A challenging year lies ahead for schools. The summer was marked by a political battle for control and new, tougher standards imposed by state government make it appear the reforms of the past few years have not paid off as well as promised by Mayor Michael Bloomberg.
"We're doing better than the system did before, and not as good as we would like it to be," Bloomberg said.
The students are entering a school system that Albany has put back under the control of the mayor until 2015. It's also system facing tougher state standards in math and English.
"By making the tests so not comprehensive and so predictable, we were telling parents across the state, your child is proficient," state Board of Regents Chancellor Merryl Tisch said.
In 2009, about 82 percent of city students passed the state math test, and about 69 percent passed the English test. But last school year, measured by new state standards, just 54 percent passed the math exam. Only 42 percent passed English.
Schools chancellor Joel Klein says more hard work is needed.
"What are we going to do? The first thing we're going to do is take all the information from the state, and our schools are going to analyze it," he said. "Which kids move forward, which kids move back. What help they need. Now, we're going to do that."
The city is also trying to reduce chronic truancy and absenteeism. One fifth of city students missed a month or more of school last year. Now, letters are going out to 5,200 students who were chronically absent. Some of them will be matched with mentors to try to improve their attendance.
Bloomberg and Klein were on hand at PS 172 to welcome the students.
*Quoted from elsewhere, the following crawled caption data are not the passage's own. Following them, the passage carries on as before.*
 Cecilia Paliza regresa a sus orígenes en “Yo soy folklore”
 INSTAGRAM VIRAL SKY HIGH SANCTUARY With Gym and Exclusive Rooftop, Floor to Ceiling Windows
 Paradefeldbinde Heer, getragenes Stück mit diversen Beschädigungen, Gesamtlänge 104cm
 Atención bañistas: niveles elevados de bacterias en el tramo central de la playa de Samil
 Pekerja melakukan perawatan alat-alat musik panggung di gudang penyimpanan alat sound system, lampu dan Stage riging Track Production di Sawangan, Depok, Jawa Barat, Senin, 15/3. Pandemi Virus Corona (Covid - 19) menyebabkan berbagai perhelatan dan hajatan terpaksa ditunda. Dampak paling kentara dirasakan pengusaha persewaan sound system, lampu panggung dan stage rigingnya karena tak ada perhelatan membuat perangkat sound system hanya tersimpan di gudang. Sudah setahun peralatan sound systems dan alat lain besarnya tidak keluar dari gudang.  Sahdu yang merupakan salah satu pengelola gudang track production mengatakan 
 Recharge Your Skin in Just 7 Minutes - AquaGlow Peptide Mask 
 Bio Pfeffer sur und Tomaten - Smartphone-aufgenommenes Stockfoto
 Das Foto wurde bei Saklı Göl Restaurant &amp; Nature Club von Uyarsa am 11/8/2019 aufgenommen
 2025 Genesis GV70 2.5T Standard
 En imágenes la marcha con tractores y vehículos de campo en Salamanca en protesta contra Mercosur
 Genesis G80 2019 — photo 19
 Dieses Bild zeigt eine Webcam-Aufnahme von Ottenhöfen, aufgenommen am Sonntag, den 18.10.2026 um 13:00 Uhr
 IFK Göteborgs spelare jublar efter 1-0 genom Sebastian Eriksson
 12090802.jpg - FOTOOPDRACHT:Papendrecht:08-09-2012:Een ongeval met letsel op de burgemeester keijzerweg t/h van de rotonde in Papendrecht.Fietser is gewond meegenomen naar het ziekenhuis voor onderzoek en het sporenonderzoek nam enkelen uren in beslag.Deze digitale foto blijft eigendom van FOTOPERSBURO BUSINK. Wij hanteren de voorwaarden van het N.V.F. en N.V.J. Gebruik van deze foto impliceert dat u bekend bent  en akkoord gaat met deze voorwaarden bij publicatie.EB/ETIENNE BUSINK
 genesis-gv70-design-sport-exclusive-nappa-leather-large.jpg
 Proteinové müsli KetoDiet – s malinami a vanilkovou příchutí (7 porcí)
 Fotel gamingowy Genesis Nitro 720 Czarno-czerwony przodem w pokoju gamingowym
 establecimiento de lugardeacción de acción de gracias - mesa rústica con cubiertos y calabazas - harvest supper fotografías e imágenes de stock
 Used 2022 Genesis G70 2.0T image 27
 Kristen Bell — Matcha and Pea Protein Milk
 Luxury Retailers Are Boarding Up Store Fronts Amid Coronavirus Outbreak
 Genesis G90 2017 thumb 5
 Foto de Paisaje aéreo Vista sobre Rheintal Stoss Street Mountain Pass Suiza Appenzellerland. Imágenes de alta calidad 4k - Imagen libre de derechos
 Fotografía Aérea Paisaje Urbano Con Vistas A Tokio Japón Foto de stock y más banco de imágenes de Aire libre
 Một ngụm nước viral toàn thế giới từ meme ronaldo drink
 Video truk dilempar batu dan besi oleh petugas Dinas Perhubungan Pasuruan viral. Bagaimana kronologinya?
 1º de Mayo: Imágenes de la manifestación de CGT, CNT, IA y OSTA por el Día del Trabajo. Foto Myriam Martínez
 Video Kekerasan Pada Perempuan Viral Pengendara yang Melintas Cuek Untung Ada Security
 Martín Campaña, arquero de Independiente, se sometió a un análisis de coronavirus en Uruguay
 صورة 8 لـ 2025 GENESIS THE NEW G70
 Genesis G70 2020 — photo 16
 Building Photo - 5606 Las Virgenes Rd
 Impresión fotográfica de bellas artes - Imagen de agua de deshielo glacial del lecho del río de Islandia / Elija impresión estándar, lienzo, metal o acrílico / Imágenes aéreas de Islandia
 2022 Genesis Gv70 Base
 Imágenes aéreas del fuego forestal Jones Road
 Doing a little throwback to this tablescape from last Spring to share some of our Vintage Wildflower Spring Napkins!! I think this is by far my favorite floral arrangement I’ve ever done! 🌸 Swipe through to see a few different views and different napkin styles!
The rift between the mayor and teachers' union seemed evident, because the head of the union did not join the welcome at PS 172. Instead Michael Milgrew visited PS 322 in Brooklyn.
Bloomberg did not seem fazed by the break in tradition.
"He's got to pump up his teachers, and give them the confidence and explain to them that the public, no matter what some of the naysayers say, the public does appreciate what our 80,000 teachers and 2,000 principals are doing," Bloomberg said.